Key point
- The personal obligation to make restitution of a particular asset received under a void contract was rendered proprietary once the recipient was on notice that the asset could not be treated as his own
When property is registered in an individual’s sole name, the presumption is that he also owns the entirety of the beneficial interest. If an individual who has not made any financial contribution to the acquisition of the property claims an equitable interest, the route to establishing a share in the same is to claim a common intention constructive trust has arisen. This can be difficult to prove as one brother has discovered in the case of Fattal v Fattal [2022] EHWC 950 (Ch); [2022] PLSCS 68.
The road is long
William Fattal and Elias Fattal were brothers. They had worked hard over 50 years to build a successful business empire together. In recent years, their relationship had soured. This resulted in a dispute concerning the ownership of a property overlooking Regent’s Park.
In 1972, William purchased a penthouse flat situated on Nottingham Terrace, NW1. The penthouse was registered at the Land Registry in William’s sole name. He financed the acquisition and refurbishment costs with his own money and with the aid of a mortgage, for which he was responsible for meeting the payments. Both William and Elias resided at the property until William married in 1990. Elias paid some of the outgoings associated with the penthouse, but paid no rent.
Subsequently William orally agreed to transfer the penthouse to Elias for the sum of £400,000, which he did in 2014. William claimed that he transferred the penthouse in the mistaken belief that Elias had paid for the same. William brought a claim seeking equitable relief from the consequences of his mistake and other relief.
Elias defended the claim on the basis that he and William held the beneficial interest in the penthouse as tenants in common in equal shares pursuant to a common intention constructive trust. Elias claimed he had purchased William’s beneficial share by using monies from either one of their joint company accounts, a director’s loan account, a trust account or other similar device.
So on we go
Relying on Stack v Dowden [2007] UKHL 17; [2007] PLSCS 82 and Jones v Kernott [2011] UKSC 53; [2011] PLSCS 264, the High Court observed that in sole legal ownership cases the starting point was sole beneficial ownership.

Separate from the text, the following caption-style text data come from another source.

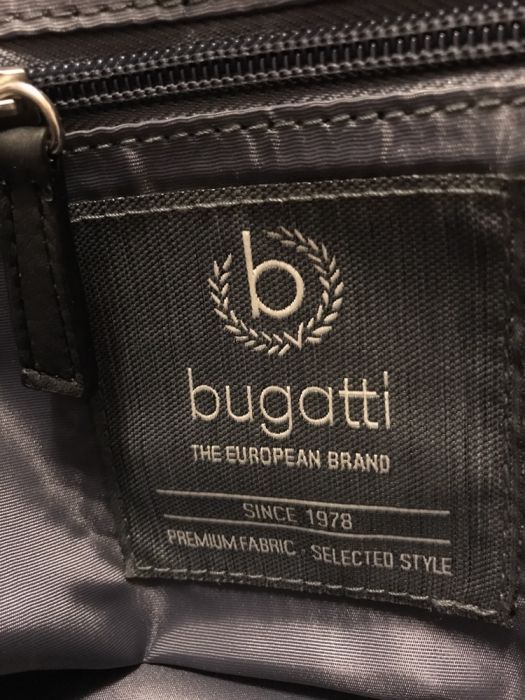 Vând geanta piele originala Bugatti.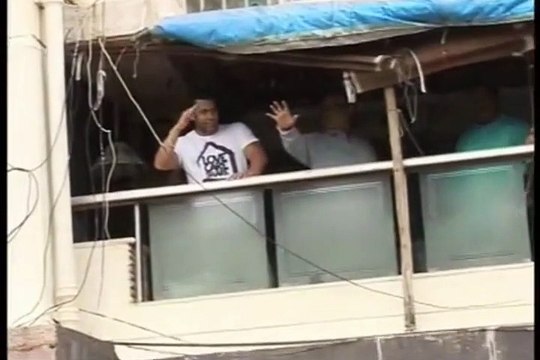 Salman Khan waves out to fan on the occasion of eid
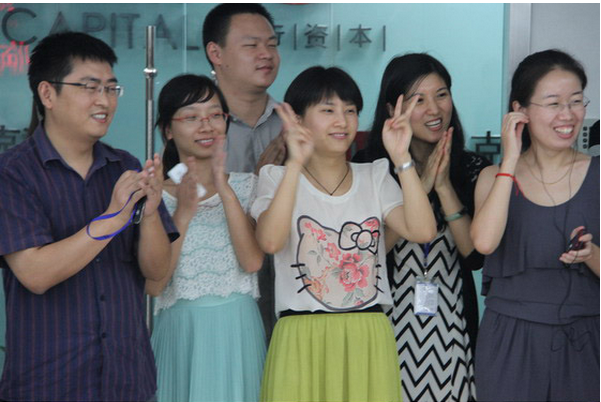 “乒臨城下”；孰與爭(zhēng)鋒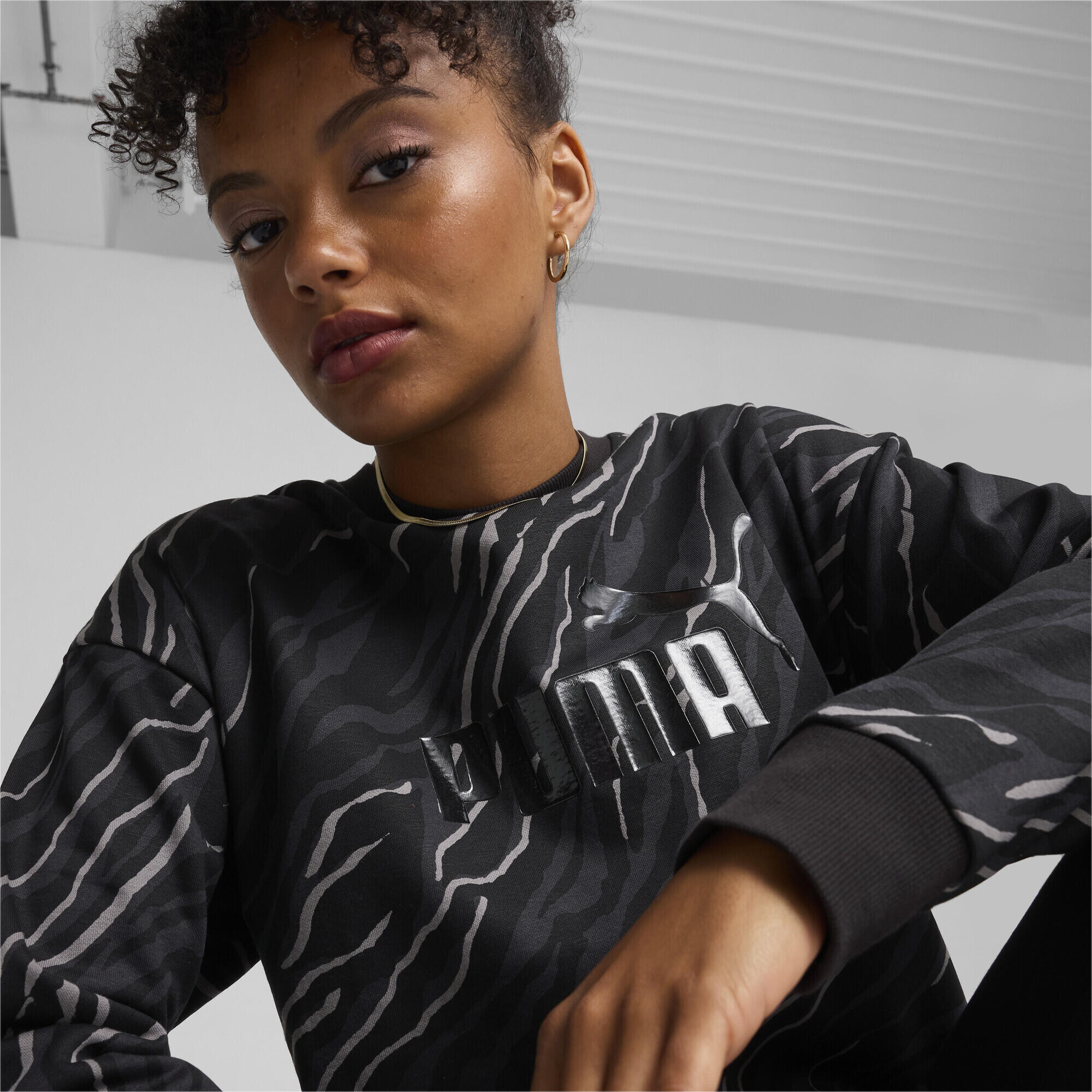 Damska bluza z grafiką ESS+ ANIMAL PUMA Black 6/7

In the present case, the penthouse was conveyed into William’s sole name. The burden rested on Elias to show he had a beneficial interest as the non-owner.
The presumption that equity followed the law could be displaced expressly or by inference by Elias showing that the parties had a different common intention when the penthouse was first acquired or that a different common intention was formed afterwards, providing that there was some element of detrimental reliance.
Each case turned on its own facts, but it was important to ascertain the parties’ shared intentions, actual, inferred or imputed, with respect to the property. The “centrality of intention” was key and would need to be ascertained in light of the whole course of conduct between the parties. Further, other factors besides financial contributions could be important in divining the parties’ intention.
For I know
In finding for William, the High Court determined he had paid the entirety of the acquisition and refurbishment costs for the penthouse, including the mortgage instalments. The fact Elias had paid some of the associated outgoings did not equate to a financial contribution to its cost of acquisition.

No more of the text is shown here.